Tales from the Trenches: Screams from the Server Room

Mix a $50,000 server, NetWare, and a nitwit consulting company to get a true recipe for catastrophe.

A few years back I ran a network at a local high school, a school that was heralded as a “lighthouse” project to show how computers could be used in education. It was indeed sophisticated for its time—the network consisted of 350 diskless workstations booting Windows 95 from the server, 25 laser printers, seven file/print servers running Novell NetWare 4.0, and an IBM AIX server for Internet and Web capabilities. All the systems were networked using both copper and fiber token ring, and nearly 80 percent of the library’s resources were online (all this for about 1,000 students).

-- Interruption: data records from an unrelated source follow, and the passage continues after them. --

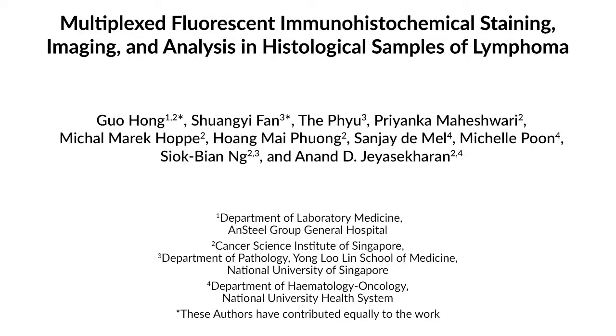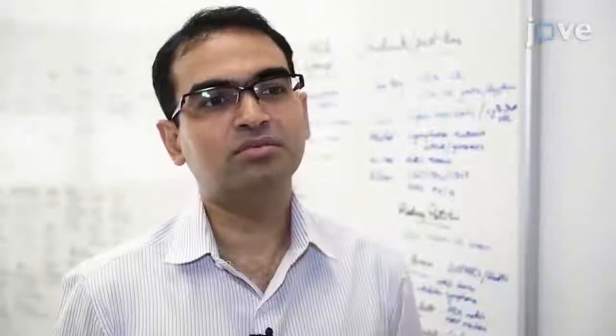Lymphomas are histologically complex tumours. Therefore, multiplex fluorescence immunohistochemistry offers advantages over conventional chromogenic immunohistochemistry to study markers of interest in the tumour cells and the microenvironment. This technique has the potential for standardising scoring of antibody-based staining in histological lymphoma samples, a process that has historically been challenging due to the complexity of the tumour microenvironment.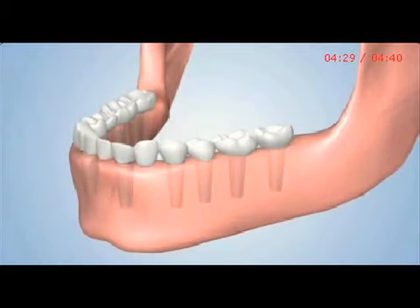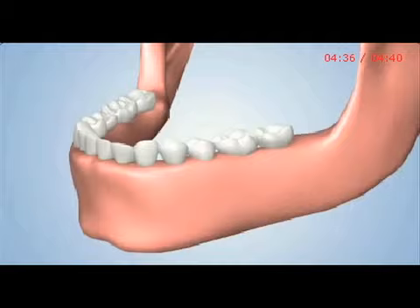Dental implants will provide you with a stable and long-term solution that reduces the pain, discomfort, instability, and bone loss that denture patients experience.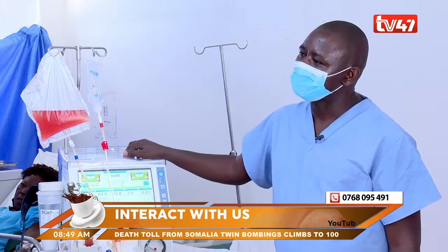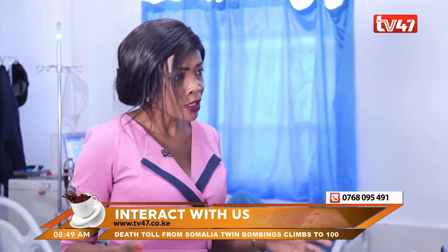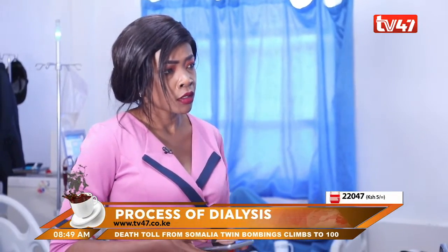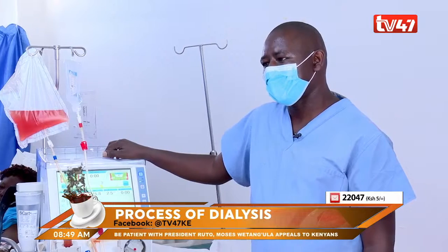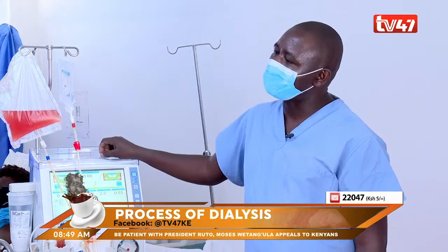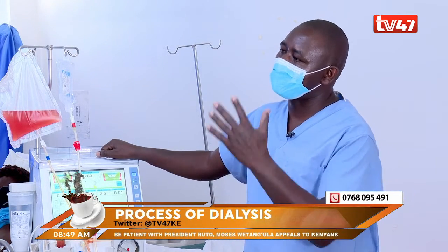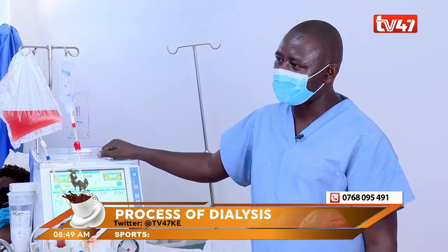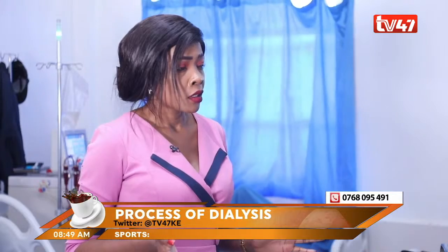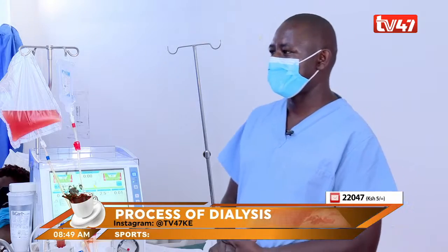You speak of different types of machines — does it mean there are different types of dialysis in terms of procedures? Majorly, this is normal dialysis. But we have a dialysis done for very sick patients who are in ICU — you can do dialysis even for 12 hours. This is called slow dialysis. These patients are unconscious and their blood pressures are not stable, so you do it slowly.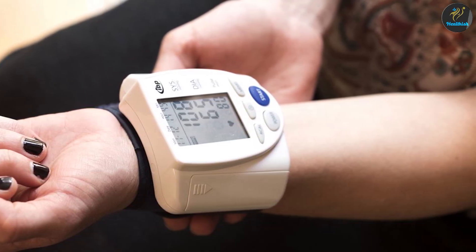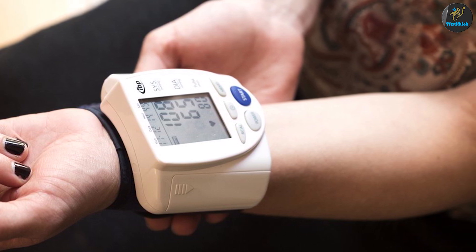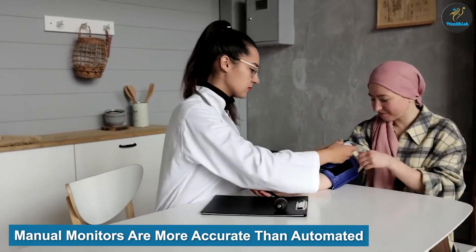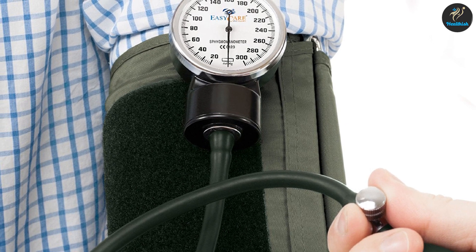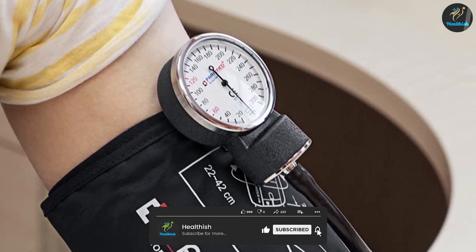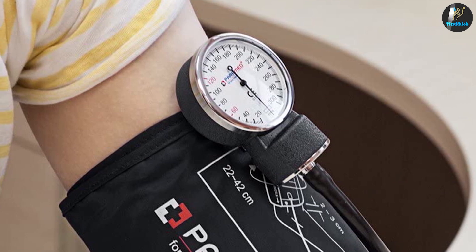The majority of people consider digital blood pressure monitors to be the most reliable. However, manual blood pressure monitors are considered more accurate than automated ones according to a JAMA Internal Medicine meta-analysis, which found automated office blood pressure readings are more accurate than standard office readings for patients with hypertension. Given the accuracy of home blood pressure readings, it could be preferable to use a manual blood pressure monitor, especially given these results.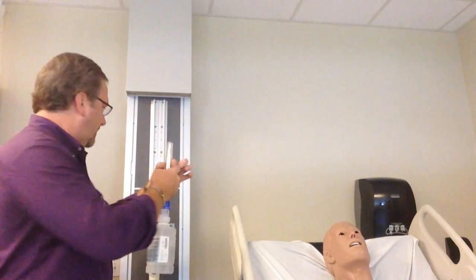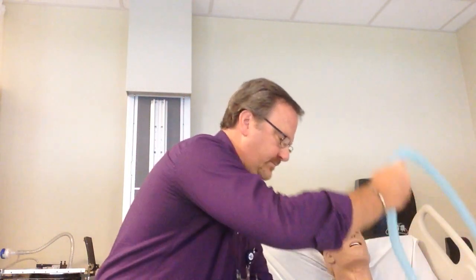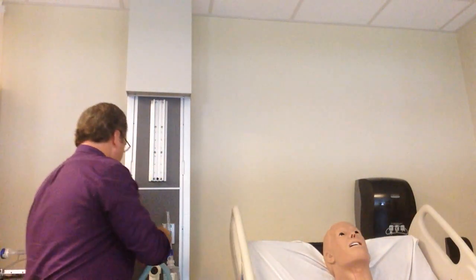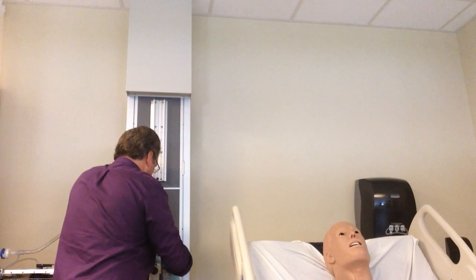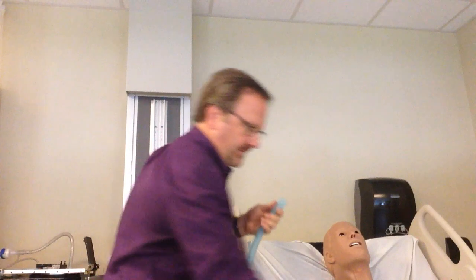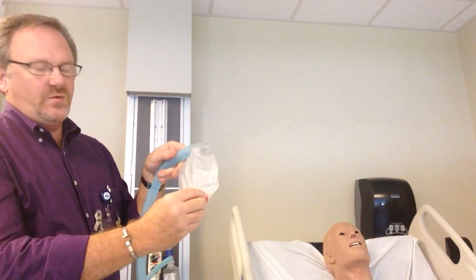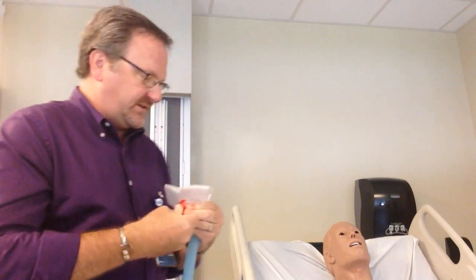I'm going to connect this to the wall where it would have already been. Then I take my first section of corrugated tubing and connect it. That is now connected. I take my drainage bag and connect it. This is for draining the water out — when water gets in here, as you go around and assess your patients, you'll need to drain it into a glove, a garbage can, something.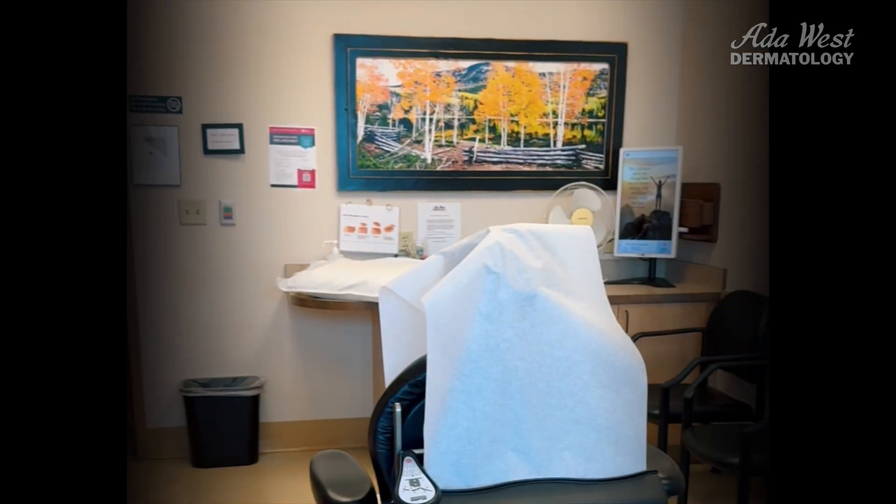For most patients, this is an outpatient procedure. You arrive at our clinic and you're treated in a surgical suite just like this — it might even be this very same one. You check in at the front, we bring you back, we do some vital signs and go over your history to make sure we've looked over anything that might be related to our surgery and can address that.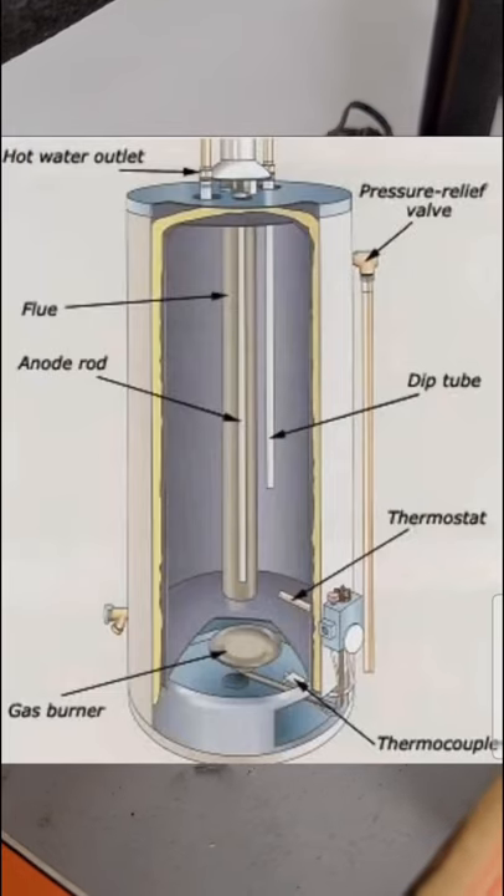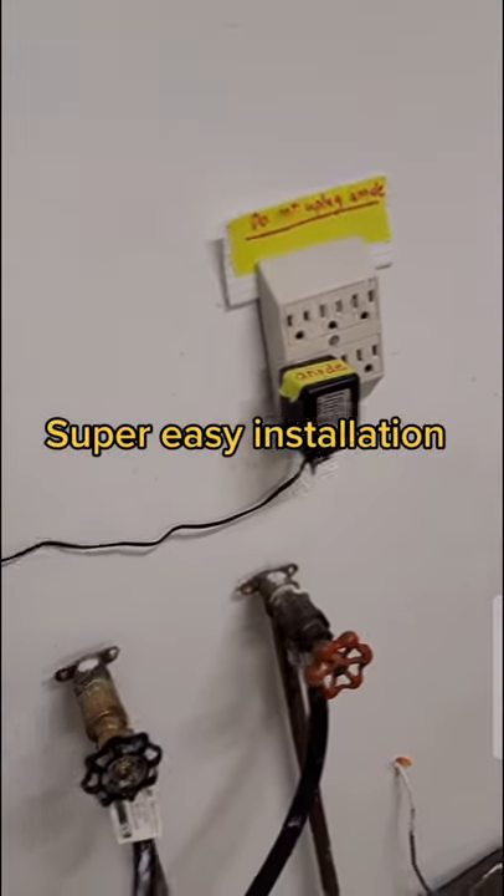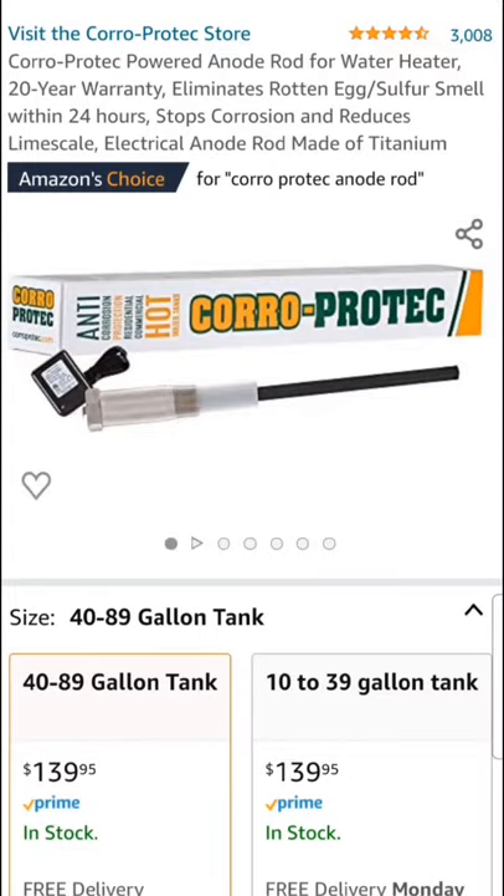To combat that, installed inside every water heater is some sort of anode. There's this electric one that you can pick up on Amazon — it plugs into the wall and kills all that bacteria within 24 hours.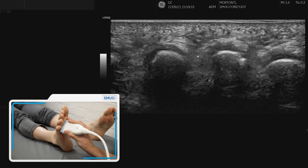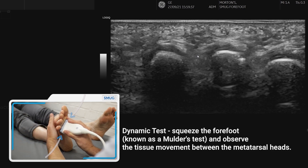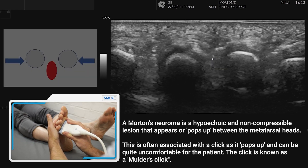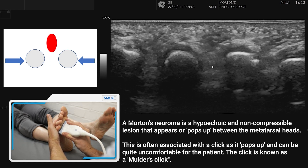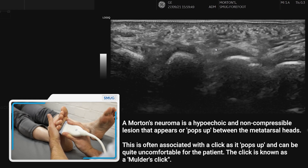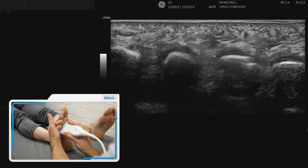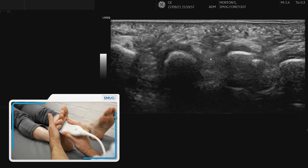Now we're going to do a dynamic manoeuvre similar to when you do a Mulder's manoeuvre to look for a Mulder's click. If we just compress, we're looking for that tissue that comes out between the two metatarsals. If it's a neuroma then it's going to be hypoechoic and non-compressible, and often you will also feel an associated click — and often the patients will feel that too.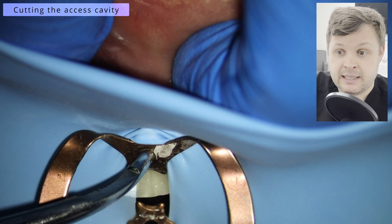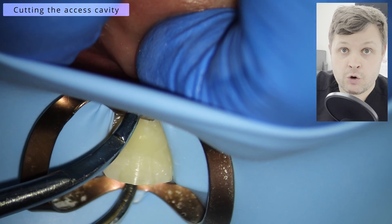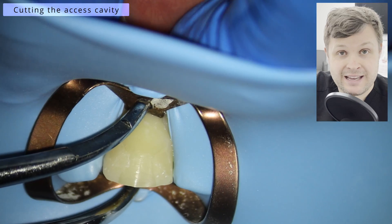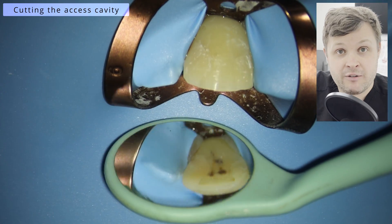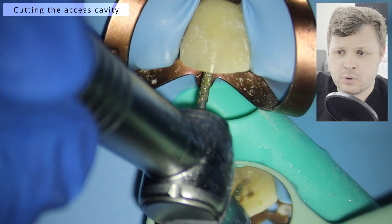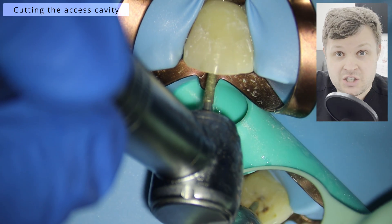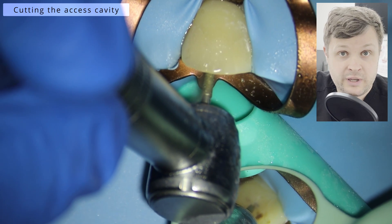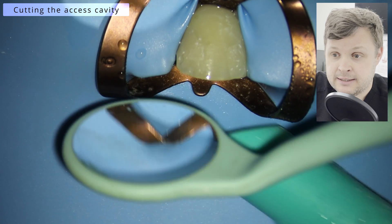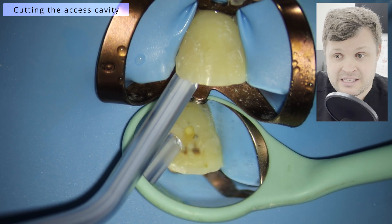Now we're ready for the root canal. We're going to place rubber dam, and I don't care what anybody says — no rubber dam, no root canal. That's really important, mainly for patient safety and also to stop the ingress of bacteria inside the tooth. Sometimes patients don't like the rubber dam and we have to tell them the treatment can't be carried out without it.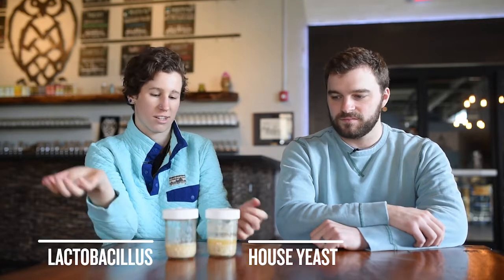I will pitch lactobacillus, our bacteria, and also our house yeast strain. We don't pasteurize it. In front of us, we have two yeast samples. One has lactobacillus in it. It makes kind of like a lemony tart flavor. The primary acid it produces is lactic acid, so it's going to give you a really clean, bright acidity that is going to help accentuate the fruit character that we add into these beers.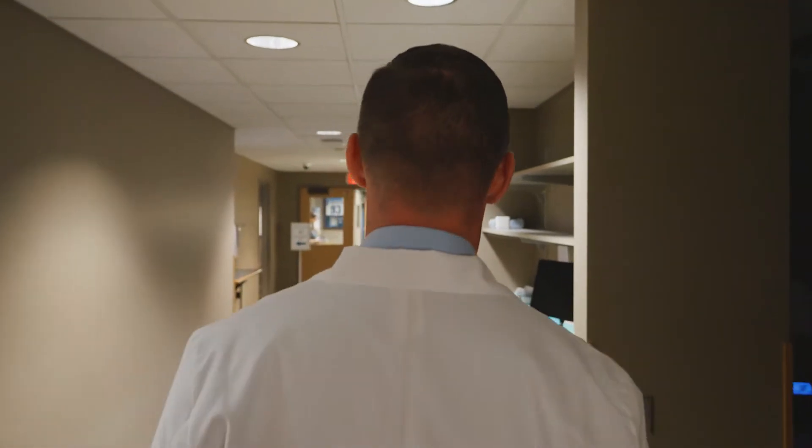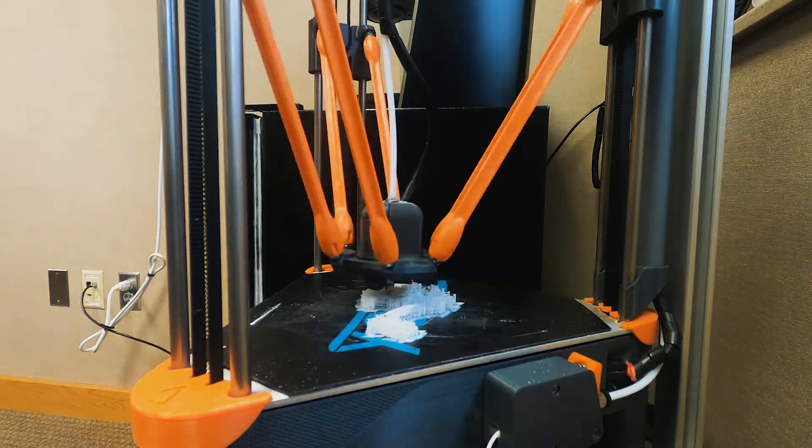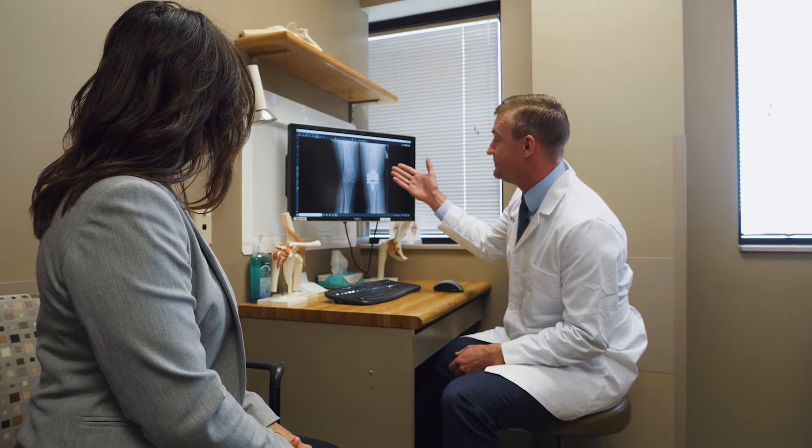Hi, I'm Dr. Luke Rasmussen. I'm an orthopedic surgeon at the Orthopedic Institute in Sioux Falls, South Dakota. One of the ways that I incorporated technology into practice was by using 3D printing, both as a tool to prepare for surgery, as well as one to explain to patients the pathology and the anatomical changes behind osteoarthritis.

However, the company that had originally installed this network had done such a terrible job that three years later, when I started, I was still fixing installation and configuration problems. More about this company shortly.

Upgrade Problems

After running the network for about a year, we decided that a new, powerful server was required to replace the aging administration server. Since the school board decided that the only systems we could purchase were from Compaq, we opted for a high-end ProLiant server. Unknown to us, the company that had originally installed our network was the same company (under a new name) as the one selected as Compaq’s official vendor. Because of the way our network was configured, each of the seven main servers had two token ring cards in them and acted as routers to shuttle information between the different networks. Since all our servers were IBM systems and had only MicroChannel as their data bus, we opted to let the “trusted” company make the decision on which to purchase. They recommended IBM bus mastering cards, priced at over $1,000 each.

During the summer the server arrived, and I installed it with Novell NetWare 4.11 in place of the existing administration server. The server ran for more than a month—that is, until teachers and administrative staff came back from the summer break. At that point, one of the server’s hard drives failed.

I quickly called in support, and they had someone at our door within 30 minutes informing us that he was here “to replace the failed hard drive on the ProLiant server.” Wow, great service, right? Wrong! He walked into the server room, which contained eight IBM servers and one Compaq server, and asked, “So which one needs the hard drive replaced?”

At this point, I left the room. After putting out a few fires and explaining why our $50,000 server was down, I returned, only to find that he hadn’t figured out how to remove the old hard drive yet. It eventually took him six hours to replace the hard drive.

I stayed through the night to get the OS, applications, and data files installed on the server so that it could be used in the morning. I personally watched the server console the next morning as user after user logged on and started working. Life was good.

Later that morning, my pager beeped as I was getting into my car to go home and get some sleep. The server had crashed!

Back in the server room, the system was so locked up that the soft power switch on the front of the machine no longer worked. Mumbling words that can’t be repeated here, I reached behind the system and rebooted the server. My mouth dropped when I got an “invalid system disk” message. I then attempted to recover the system using all the tools in my arsenal, such as Norton Utilities, but it was gone, dead, a doorstop. At this point, I formatted the hard drive and started over, thankful that I had the hindsight to back up the system before letting users connect to it.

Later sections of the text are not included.